As for the fight itself, Denning said he hopes that Erickson enters the cage with a game plan, indicating that his former teacher is at his best when he’s winging it.

Of course, Erickson has never been able to read a blueprint in his 10-year MMA career as detailed as the one he’ll have at his disposal against Denning.

“Jesse knows that there’s respect there because he was my coach,” Denning said. “He knows what I can do. He knows what I’m capable of. He taught me it all. My biggest focus right now is May 14th. Whether it lasts the whole three five-minute rounds or it lasts a minute, I don’t care. I’m going to give what everyone wants to see. And I’m still gonna do that until I can’t fucking move anymore.”

Denning also doesn’t plan on stopping anytime soon regardless of the outcome of this fight.

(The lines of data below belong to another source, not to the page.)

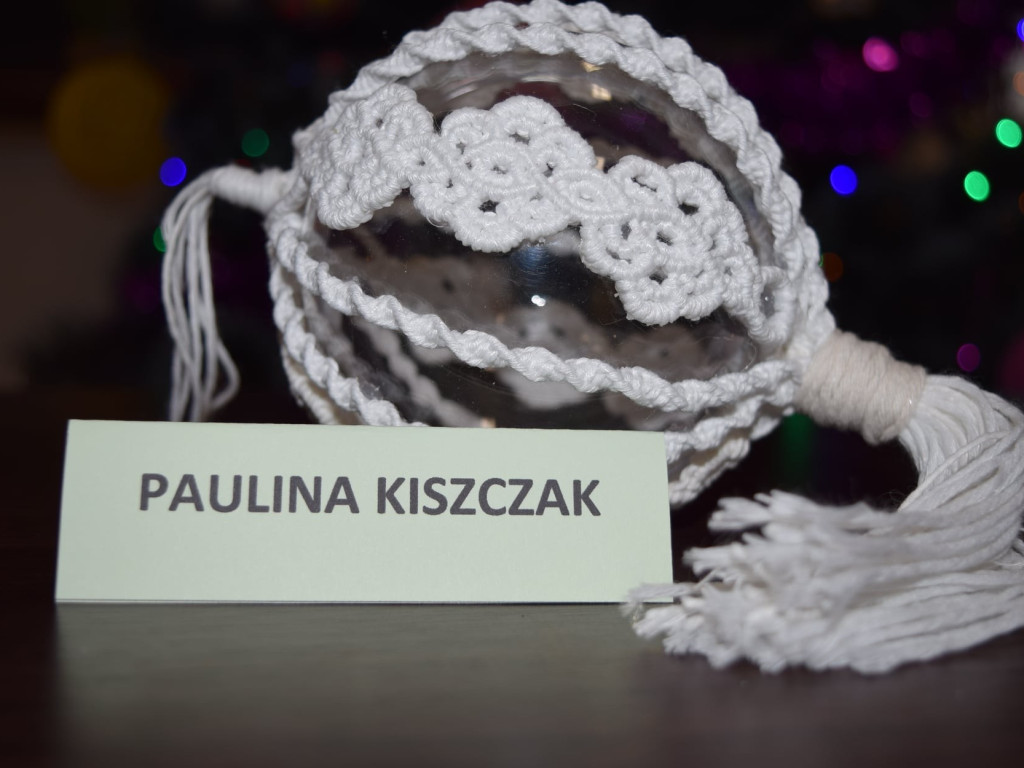 Mircze: Najpiękniejsze bombki bożonarodzeniowe wybrane - ZDJĘCIA
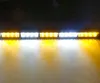 Car-styling 20 LED Nödtrafik Risk Flash Strobe Light Bar Varning Amber Gul Vit Auto Beacon Polisljus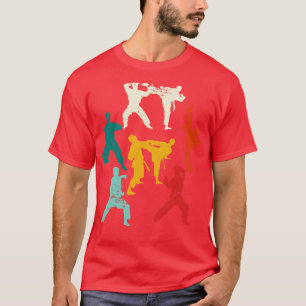 Camiseta Karate Fighter Retro Karate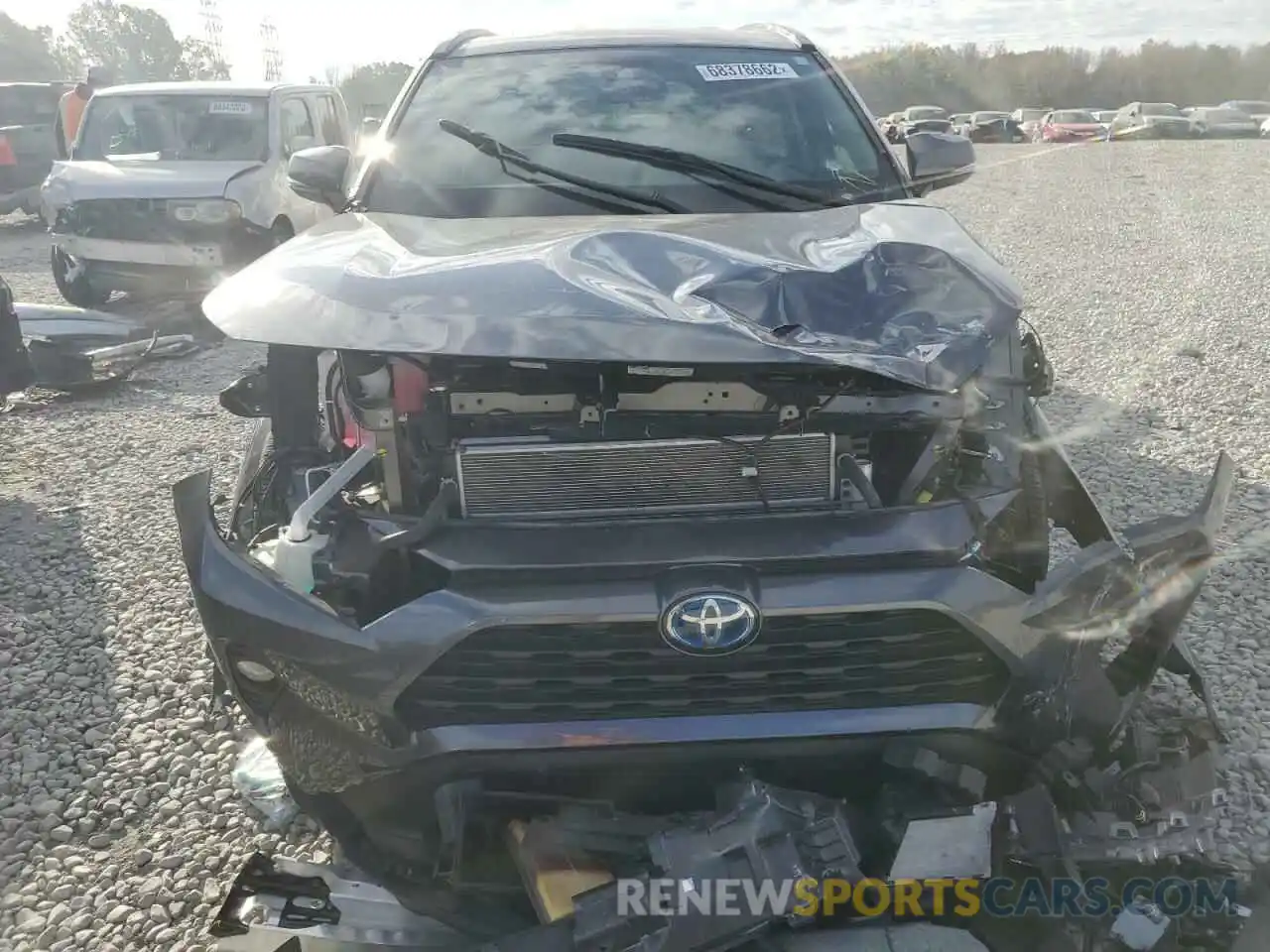 5 Photograph of a damaged car 4T3RWRFV5MU023613 TOYOTA RAV4 2021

“You just saw how emotional I was about the sport and how impactful it is on my life. Why would I want to hang that up?” he asked Jarrell. “Sure, there’s some people that I’m probably gonna fight after Jesse that aren’t nearly as good so I can get some back in the win column and have some W’s. Cool. That’s the way this game works. There’s people there that suck at fighting that still wanna fight me and think they can win and I’m gonna mop them and walk through ’em because I fought all the guys like who I’ve fought already. I still have a solid purple belt underneath the best jiu-jitsu-slash-MMA school in the Lewiston/Auburn area.”

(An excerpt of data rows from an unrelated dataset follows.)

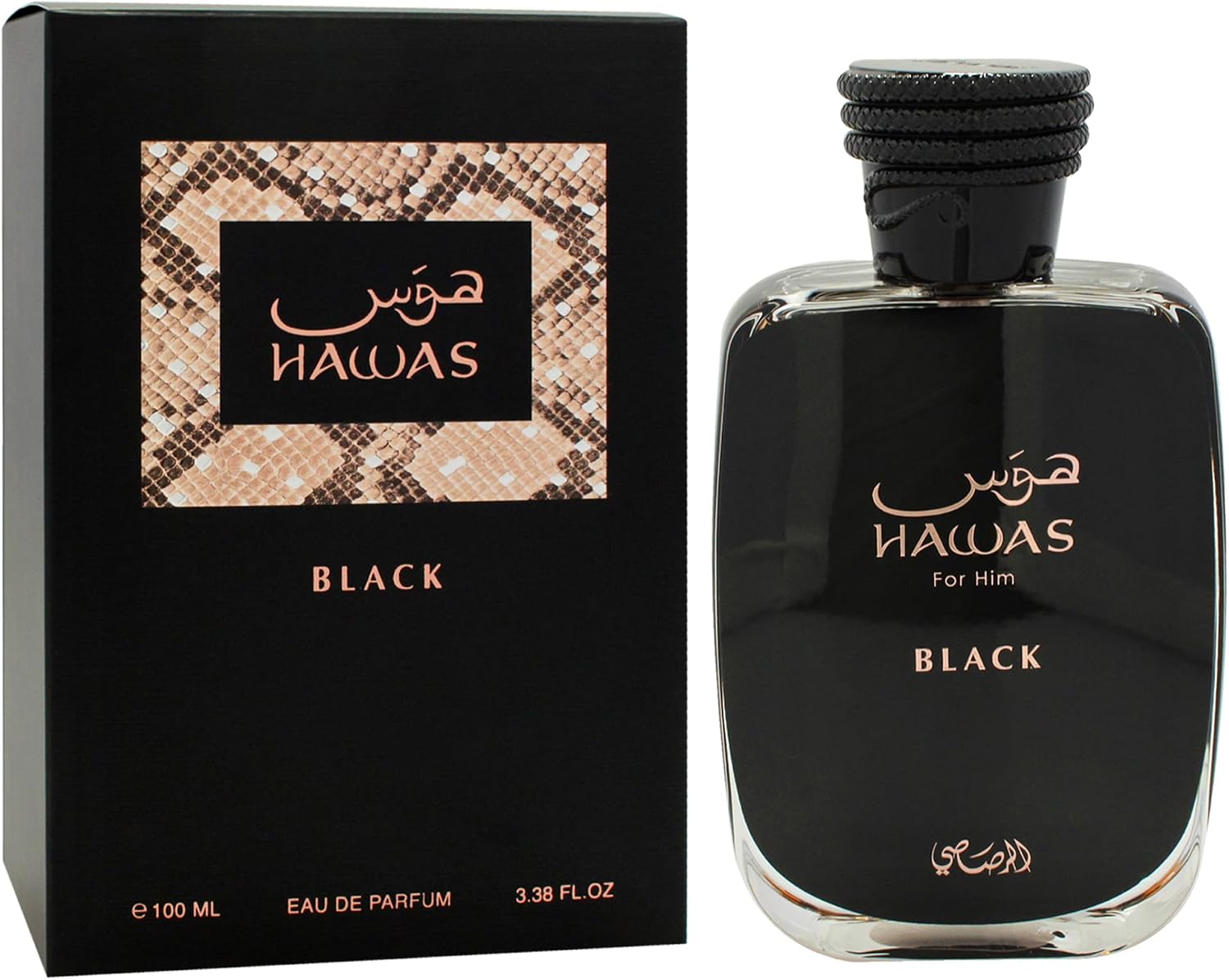 عطر ادوپرفیوم مردانه هوس بلک ۱۰۰ میلی لیتر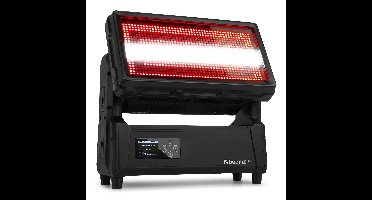 Retourdeal - BeamZ Professional NUKE2 - LED blinder-combi - IP65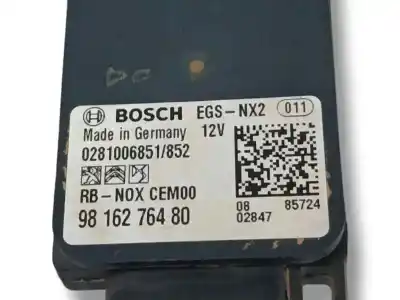 Pezzo di ricambio per auto di seconda mano sonda lambda per citroen jumpy iii autobús (v_) 1.5 bluehdi 100 riferimenti oem iam 9816276480  0281006851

Win or lose, Denning hopes his success in giving up alcohol and hard drugs, becoming a family man and continuing his career will inspire others.

“I’m never gonna focus on the negativity in my life ever again,” he said. “The world’s your oyster, man. Life’s a garden. Dig it. Go out there and fucking make something of it, because that hourglass isn’t getting tipped back over and you can’t get any of that sand back. This is the nature of the beast. You’re only here once.”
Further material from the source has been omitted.